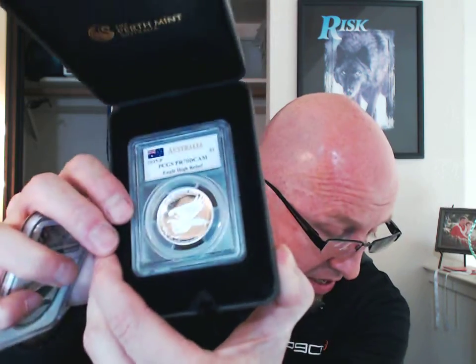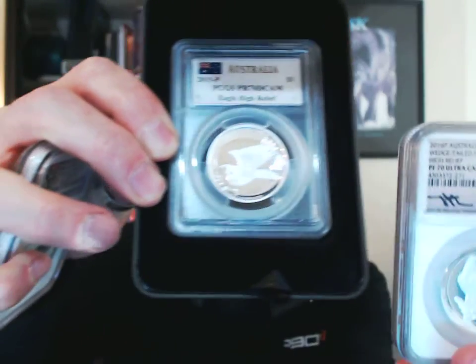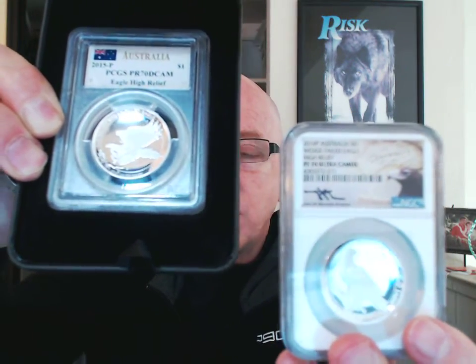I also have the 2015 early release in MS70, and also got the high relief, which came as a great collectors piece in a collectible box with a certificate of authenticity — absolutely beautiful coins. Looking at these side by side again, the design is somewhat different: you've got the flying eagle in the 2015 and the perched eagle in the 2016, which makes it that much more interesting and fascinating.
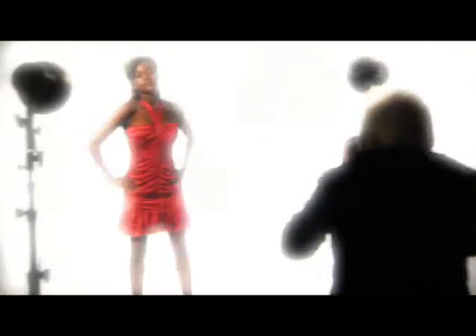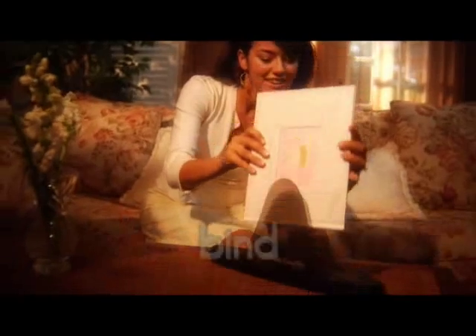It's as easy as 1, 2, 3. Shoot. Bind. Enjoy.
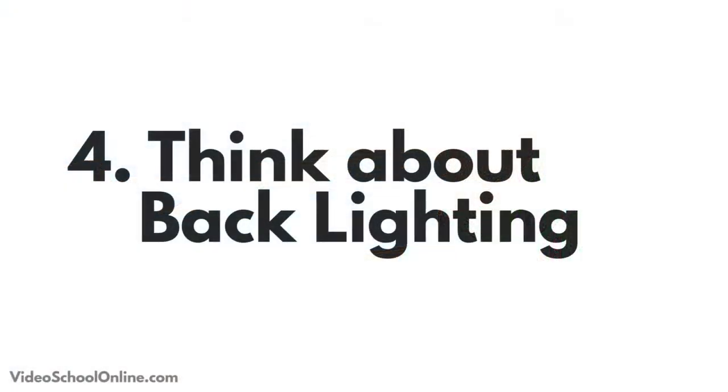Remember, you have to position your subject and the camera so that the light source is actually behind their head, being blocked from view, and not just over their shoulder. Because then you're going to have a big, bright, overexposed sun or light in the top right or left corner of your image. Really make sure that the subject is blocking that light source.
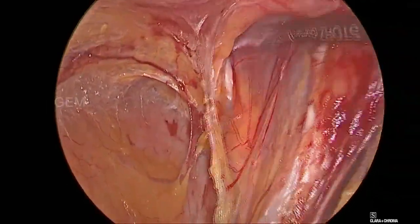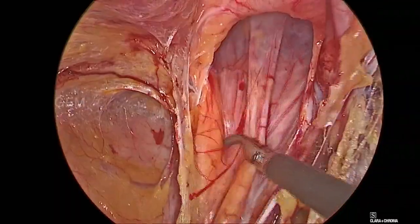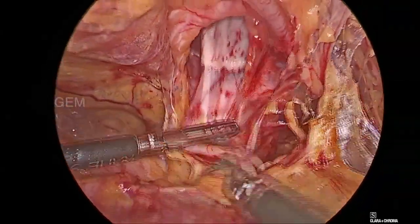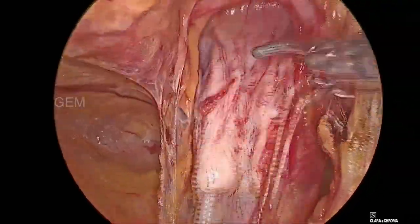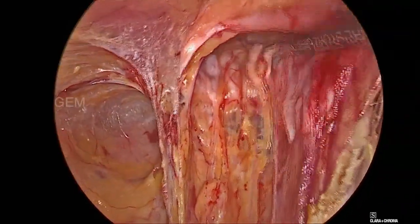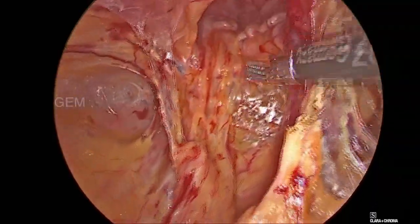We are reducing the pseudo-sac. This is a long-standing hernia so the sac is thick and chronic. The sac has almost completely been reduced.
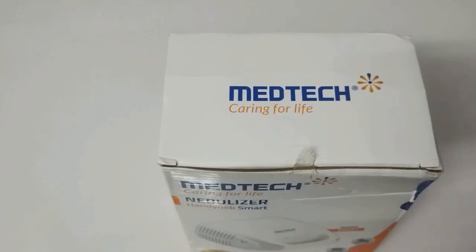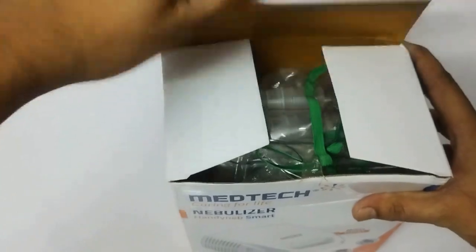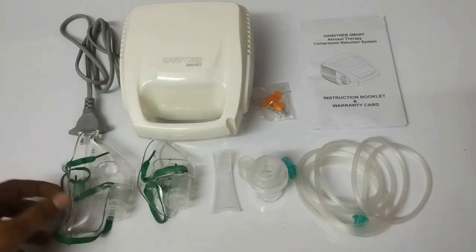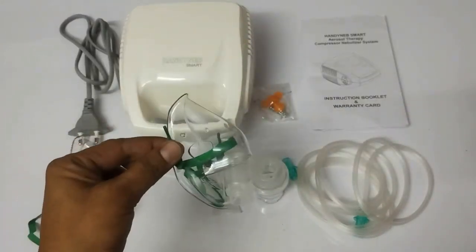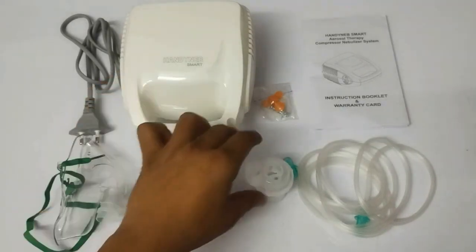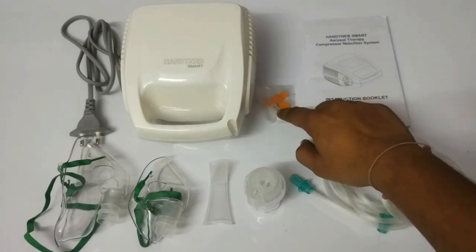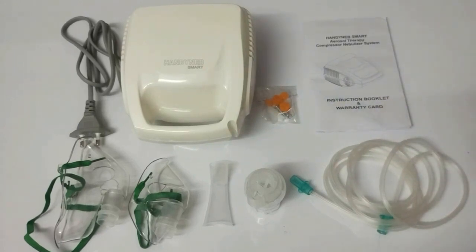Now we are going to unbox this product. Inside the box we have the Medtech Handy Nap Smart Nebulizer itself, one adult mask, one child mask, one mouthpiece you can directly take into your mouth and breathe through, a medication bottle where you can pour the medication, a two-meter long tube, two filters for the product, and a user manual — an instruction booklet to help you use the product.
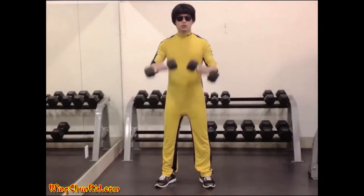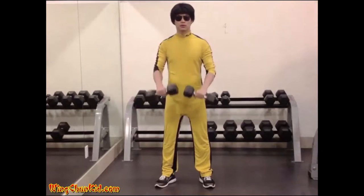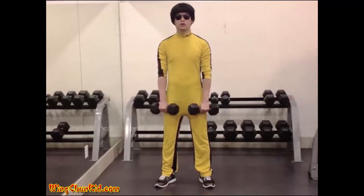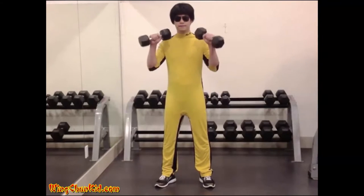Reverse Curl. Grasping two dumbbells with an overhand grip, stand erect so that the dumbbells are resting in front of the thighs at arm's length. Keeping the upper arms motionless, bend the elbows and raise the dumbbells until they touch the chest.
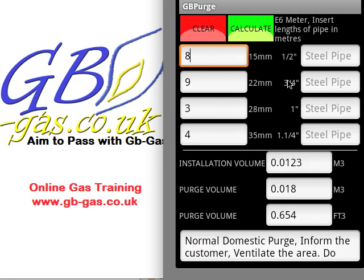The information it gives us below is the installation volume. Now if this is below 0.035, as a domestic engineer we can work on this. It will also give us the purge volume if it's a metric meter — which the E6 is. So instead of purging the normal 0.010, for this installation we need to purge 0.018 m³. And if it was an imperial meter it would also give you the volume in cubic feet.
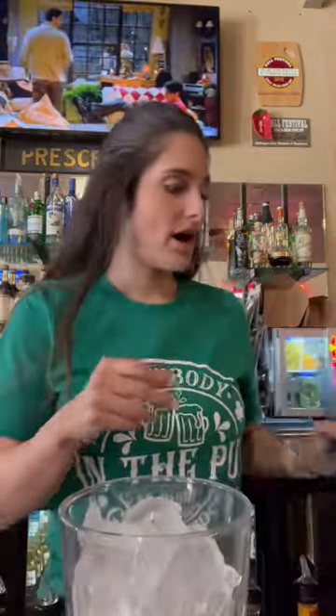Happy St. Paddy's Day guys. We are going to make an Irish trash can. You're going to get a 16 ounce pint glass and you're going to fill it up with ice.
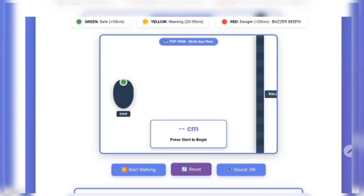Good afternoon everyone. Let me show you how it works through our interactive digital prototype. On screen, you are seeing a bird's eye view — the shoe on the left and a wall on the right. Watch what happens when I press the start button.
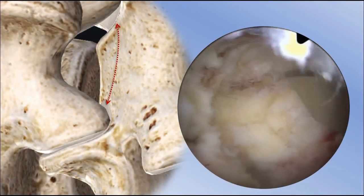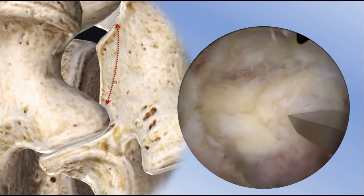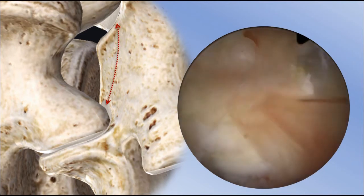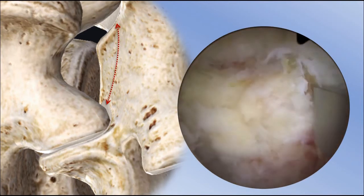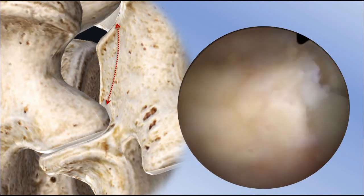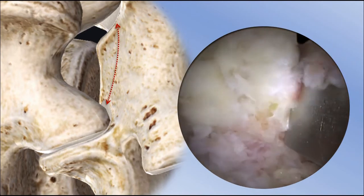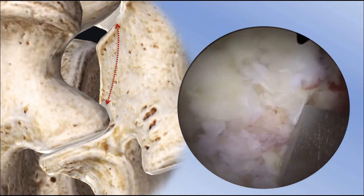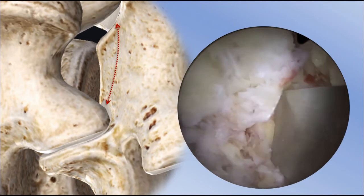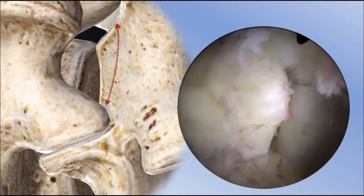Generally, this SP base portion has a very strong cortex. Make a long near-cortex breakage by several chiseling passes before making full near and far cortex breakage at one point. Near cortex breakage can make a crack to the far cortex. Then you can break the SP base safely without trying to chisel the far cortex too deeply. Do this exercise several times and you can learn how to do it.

□ □ □

# What to produce:
The answer must be the lines from the first one in the records through the line containing "It's as easy as 1, 2, 3. Shoot. Bind. Enjoy.", copied exactly, with no pictures.

# Task solution:
I also have the 2015 early release in MS70, and also got the high relief, which came as a great collectors piece in a collectible box with a certificate of authenticity — absolutely beautiful coins. Looking at these side by side again, the design is somewhat different: you've got the flying eagle in the 2015 and the perched eagle in the 2016, which makes it that much more interesting and fascinating.
It's as easy as 1, 2, 3. Shoot. Bind. Enjoy.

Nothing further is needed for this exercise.